Third approach: hex.pm package parallel_stream
This package provides some functions for parallel processing, e.g. map
. It is conceptional designed as stream which runs on n pippes (2x the CPU cores). So parallelism is possible with just one line of code. Instead of Stream.map
we’ll just use ParallelStream.map
.
File.stream!(file)
|> Stream.map(&split_row/1)
|> ParallelStream.map(&store_row/1) # parallel processing
# |> Stream.map(&store_row/1) # synchronous processing
|> Enum.into([])
Testing scenario: timing to approve parallelism
- file with 1000 test rows (generated with
mix generate test1000.csv 1000
) - each row simulates a INSERT-SQL by waiting 10ms
- running
mix import test1000.csv
withStream.map
-> 12 sec. - running with
ParallelStream.map
-> 1,2 Sek.
See here the code: ronnyhartenstein/elixir-parallel-csv-importer
Go
I won’t do timing tests, because goroutines do just work.
First approach: simple goroutings
The simplest thing is to use plain goroutines.
func main() {
// [.. start timing, read CSV ..]
i := 0
ch := make(chan []string)
for {
record, err := reader.Read()
// [.. error handling ..]
i++
go func(r []string) {
processData(r)
ch <- r
}(record)
fmt.Printf("\rgo %d", i)
}
for ; i > 0; i-- {
<-ch
fmt.Printf("\r\t\t\t\t| <- %d", i)
}
fmt.Printf("\n%2fs", time.Since(start).Seconds())
}
func processData([]string) {
fmt.Printf("\r\t\t| proc %d", i)
time.Sleep(1000 * time.Millisecond)
}
So this runs quite good. But counting the amount of goroutines could not be the final solution I think.
Second approach: sync.WaitGroup
We’ll use sync.WaitGroup
to encapsulate the counting of goroutines and something more.

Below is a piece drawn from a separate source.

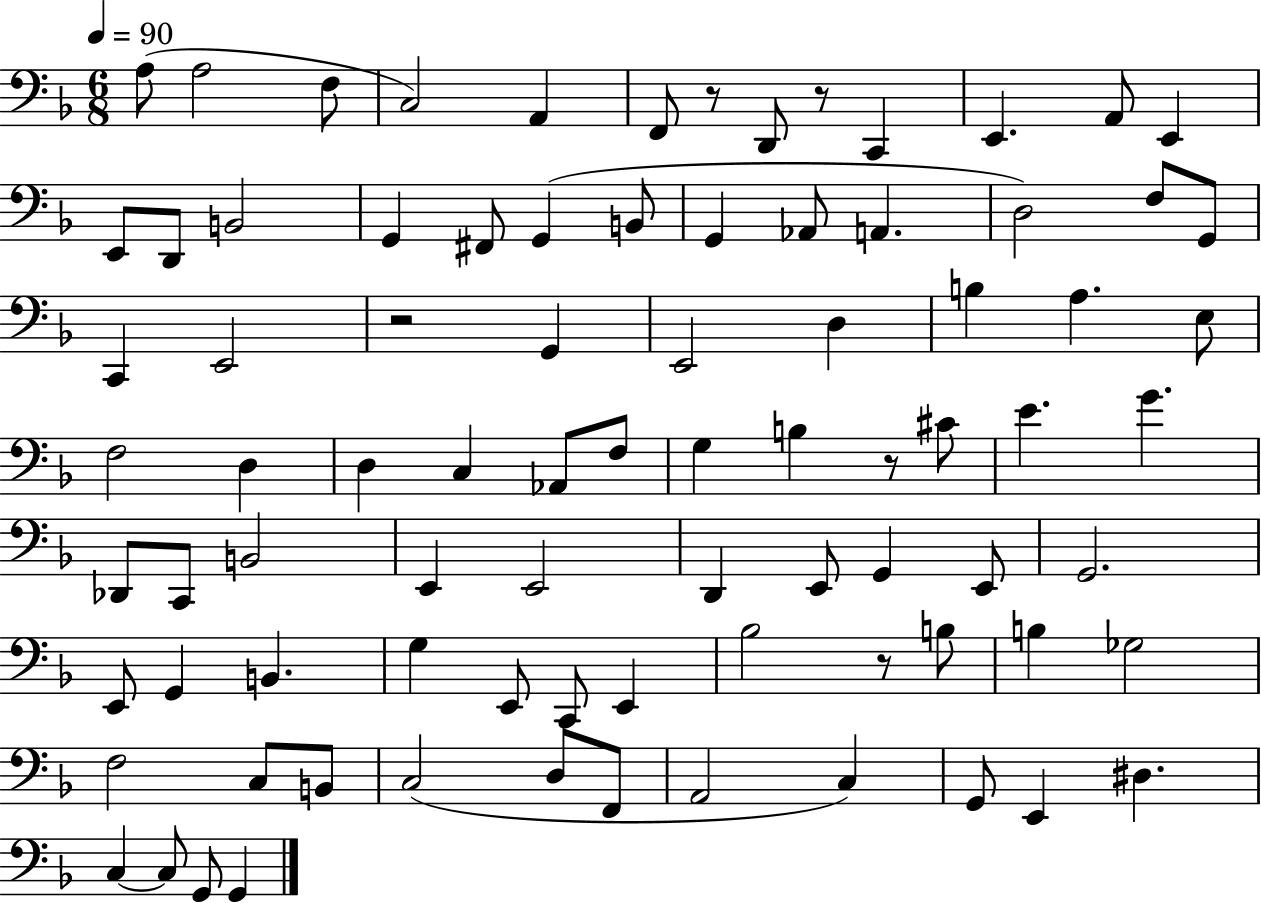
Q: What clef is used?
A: bass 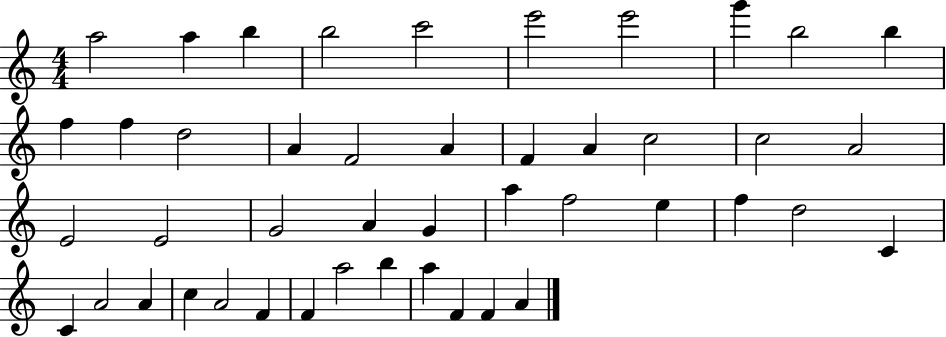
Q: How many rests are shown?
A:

Package sync provides basic synchronization primitives such as mutual exclusion locks. Other than the Once and WaitGroup types, most are intended for use by low-level library routines. Higher-level synchronization is better done via channels and communication. sync
func main() {
// [.. start timing, read CSV ..]
i := 0
ch := make(chan []string)
var wg sync.WaitGroup
for {
record, err := reader.Read()
//[.. error handling ..]
i++
wg.Add(1)
go func(r []string, i int) {
defer wg.Done()
processData(i, r)
ch <- r
}(record, i)
fmt.Printf("\rgo %d", i)
}
// closer
go func() {
wg.Wait()
close(ch)
}()
// print channel results (necessary to prevent exit programm before)
j := 0
for range ch {
j++
fmt.Printf("\r\t\t\t\t | done %d", j)
}
fmt.Printf("\n%2fs", time.Since(start).Seconds())
}
func processData(i int, r []string) {
time.Sleep(10 * time.Millisecond)
fmt.Printf("\r\t\t| proc %d", i)
}
So it works quite in the same way. It’s just another approach with some benefits. Read more in Blogs here and here and of course in the great great book “The Go Programming Language” chap. “9.8 Goroutines and Threads”.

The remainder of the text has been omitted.